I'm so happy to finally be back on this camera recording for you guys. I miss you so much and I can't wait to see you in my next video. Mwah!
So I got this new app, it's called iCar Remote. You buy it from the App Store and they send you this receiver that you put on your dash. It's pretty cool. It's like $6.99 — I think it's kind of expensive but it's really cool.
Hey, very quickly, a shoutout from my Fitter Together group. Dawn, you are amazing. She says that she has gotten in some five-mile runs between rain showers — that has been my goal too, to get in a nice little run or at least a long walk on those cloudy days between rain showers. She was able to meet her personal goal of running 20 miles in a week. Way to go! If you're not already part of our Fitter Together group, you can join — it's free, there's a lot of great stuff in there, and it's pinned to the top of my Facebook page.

........

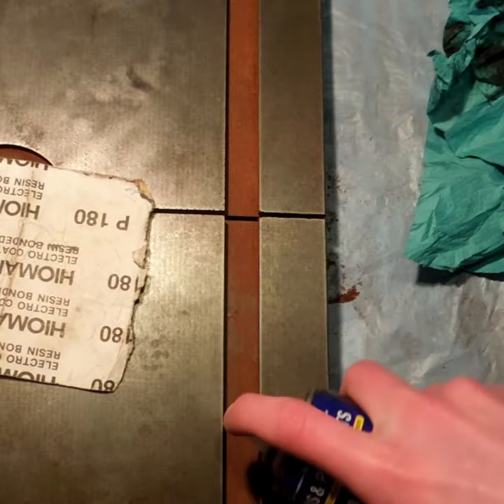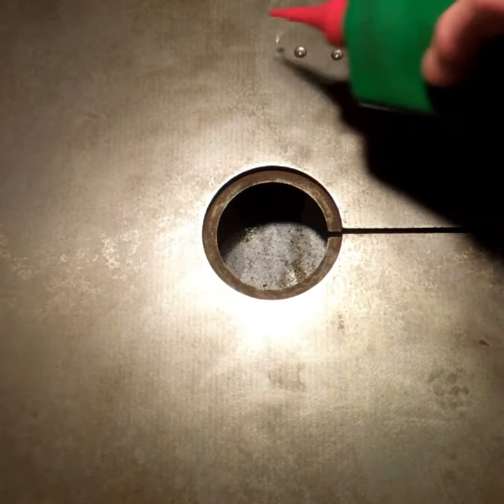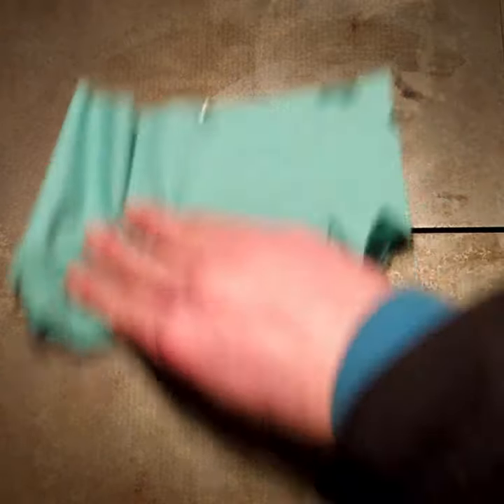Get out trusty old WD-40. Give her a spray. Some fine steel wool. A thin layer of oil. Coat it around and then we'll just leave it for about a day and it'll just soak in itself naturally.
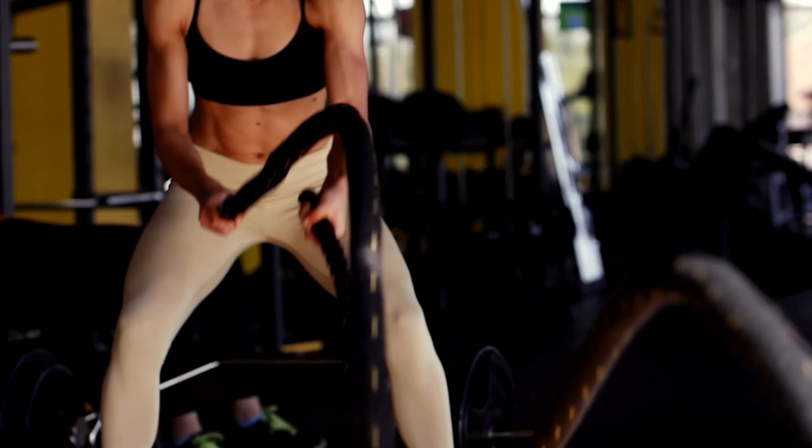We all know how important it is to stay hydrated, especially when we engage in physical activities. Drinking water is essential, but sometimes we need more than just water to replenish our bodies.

........

Look back at the entries above and repeat, unchanged, every line from the line holding "I'm so happy" through the line holding "So I got this".

I'm so happy to finally be back on this camera recording for you guys. I miss you so much and I can't wait to see you in my next video. Mwah!
So I got this new app, it's called iCar Remote. You buy it from the App Store and they send you this receiver that you put on your dash. It's pretty cool. It's like $6.99 — I think it's kind of expensive but it's really cool.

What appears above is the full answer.